Very good deal, and fast shipping. I received my set today. The tweeters are _Made in Germany_! I wasn't expecting that.


----------



## TrickyRicky (Apr 5, 2009)

Coppertone said:


> I'm greedy but could you toss in a couple of 1200HD amps for 75% off also ? Hey it can't hurt to ask right ? Lol...


Or the HD 900/5...that would be a killer deal @75% off.





kkreit01 said:


> Very good deal, and fast shipping. I received my set today. The tweeters are _Made in Germany_! I wasn't expecting that.


Which set was that? Are both made in Germany? I want to pick up the 5x7 just because it fits in my ford but I can always make adapters spacers.


----------



## kkreit01 (Aug 27, 2009)

^ I got the VR525s -- mainly for the tweets (but I didn't know their origin when I purchased). The mids and cross-overs are _Made in China_. I'm looking forward to trying these out.


----------



## is_250 (Mar 16, 2011)

i just got two pairs in the mail yesterday. The description on the site says it was going to be in a plain box, but they come in the Original Packaging.


----------



## SQLnovice (Jul 22, 2014)

Nice, wish they had some zr800.


----------



## Weigel21 (Sep 8, 2014)

Looks like there's still plenty left. (crosses fingers)


----------



## Weigel21 (Sep 8, 2014)

Yeah, got me a set of JL components on the way.


----------



## rxonmymind (Sep 7, 2010)

Dang sold out. Would have been a nice gift for a friend.


----------



## Weigel21 (Sep 8, 2014)

You sure? The components show there being 10 or more left (on my end) and the coaxial 5x7 listing was ended as the seller has them re-listed at a LOWER price now. 

New listing.


----------



## is_250 (Mar 16, 2011)

Weigel21 said:


> You sure? The components show there being 10 or more left (on my end) and the coaxial 5x7 listing was ended as the seller has them re-listed at a LOWER price now.
> 
> New listing.


If you can still find the buy it now button on the components, Im buying a 3rd set.


----------



## Weigel21 (Sep 8, 2014)

Odd, there's no "buy it" button to click, but the inventory shows more than 10 available. I went into the listing through my account's "purchase history" . Searching for them on the sellers page returns nothing. Again, odd. wonder why the page for the listing shows more than 10 for me, yet there's no current listing.


----------



## miniSQ (Aug 4, 2009)

already showing up for resale.

JL Audio VR 525 CSI 099440910901 | eBay


----------



## Weigel21 (Sep 8, 2014)

LOL nice markup. Guess a guy's got to make a profit somehow. LOL.


----------



## Weigel21 (Sep 8, 2014)

Looks like the person selling them bought just one set back on December 9th, based off comparing the seller's feedback rating to the purchase history.


----------



## rxonmymind (Sep 7, 2010)

Weigel21 said:


> Odd, there's no "buy it" button to click, but the inventory shows more than 10 available. I went into the listing through my account's "purchase history" . Searching for them on the sellers page returns nothing. Again, odd. wonder why the page for the listing shows more than 10 for me, yet there's no current listing.

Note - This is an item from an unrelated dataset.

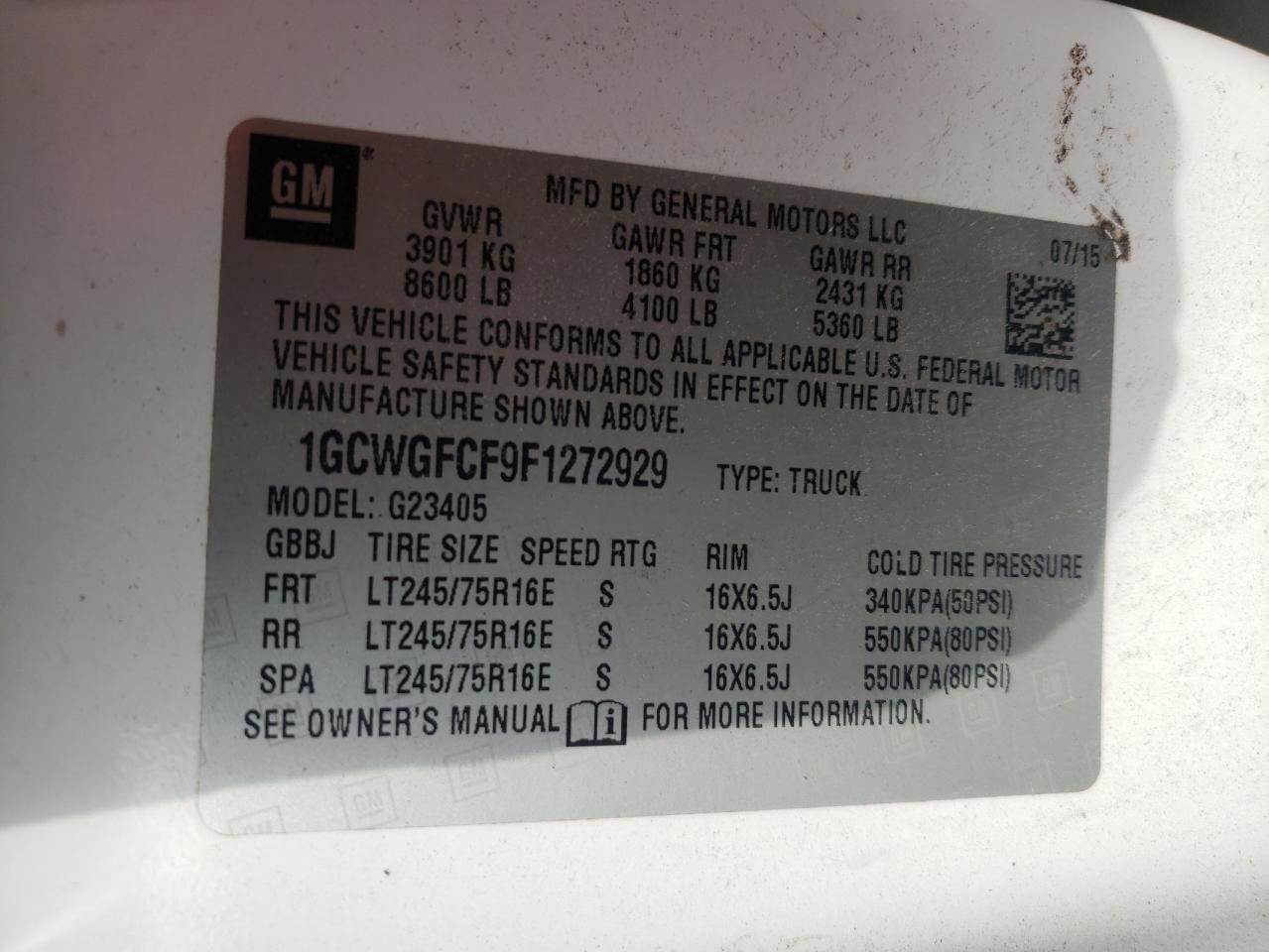 2015 Chevrolet Express G2500 VIN: 1GCWGFCF9F1272929 Lot: 65343175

Thanks though. Would have been a great deal. I saw the 10 more left too.


miniSQ said:


> already showing up for resale.
> 
> JL Audio VR 525 CSI 099440910901 | eBay


Man, ain't that something? Capitalism at work. Lol


----------



## rxonmymind (Sep 7, 2010)

SQLnovice said:


> Nice, wish they had some zr800.


Some [email protected] that price would drop in my front doors nicely Mounting depth of 2.5" is PERFECT.


----------



## casual (Jun 22, 2007)

If anyone would like to sell me a pair for what they bought it for let me know


----------



## Weigel21 (Sep 8, 2014)

Unlikely, as the $70 spent by those who bought a pair covered shipping charges. If they sold them for the same price as well, they'd end up eating the shipping cost and end up having spent X amount to give away the speakers.

Still, you may luck out and find a party willing to do just such, but most wouldn't be willing to do so. 

Lets say it'd cost a good $15 to ship the speakers as they were originally shipped. That would mean one would have spent $70 on them in the first place only to get $55 back and have nothing to show for the lost cost in shipping charges. 

Now if you were willing to pay $70 plus shipping, you MAY have better luck getting someone to sell you their set. Granted, I'm assuming the JL's are still NIB. If they had been used at all, well, $70 shipped may not be such a bad deal. 

IDK, that's my 2 cents.

BTW, mine just arrived today, but seeing as they are probably one of the best speakers I've bought, especially considering the price, I don't see myself being one to take you up on the request. 

Best of luck though.


----------



## casual (Jun 22, 2007)

Yeah I have no problem with paying for shipping. I just meant would someone sell me @ cost and not at an inflated price


----------



## Weigel21 (Sep 8, 2014)

Ah, gotcha. Well, hopefully another member on here bought an extra pair they're willing to part with. 

I seen nine people bought two sets, while one person bought three and another bought four. 

Perhaps you could start a new thread of your own asking for any members who bought multiple sets to consider parting with one, or even if any members would part with the single set they bought. 

I know I won't get around to installing mine til spring, if even then, but I'm a bit of hoarder at heart, so even if I don't get them installed, I don't tend to part with too many things. Got enough equipment to do four complete installs (and still some extra equipment), but only have one running car. LOL

Best of luck.


----------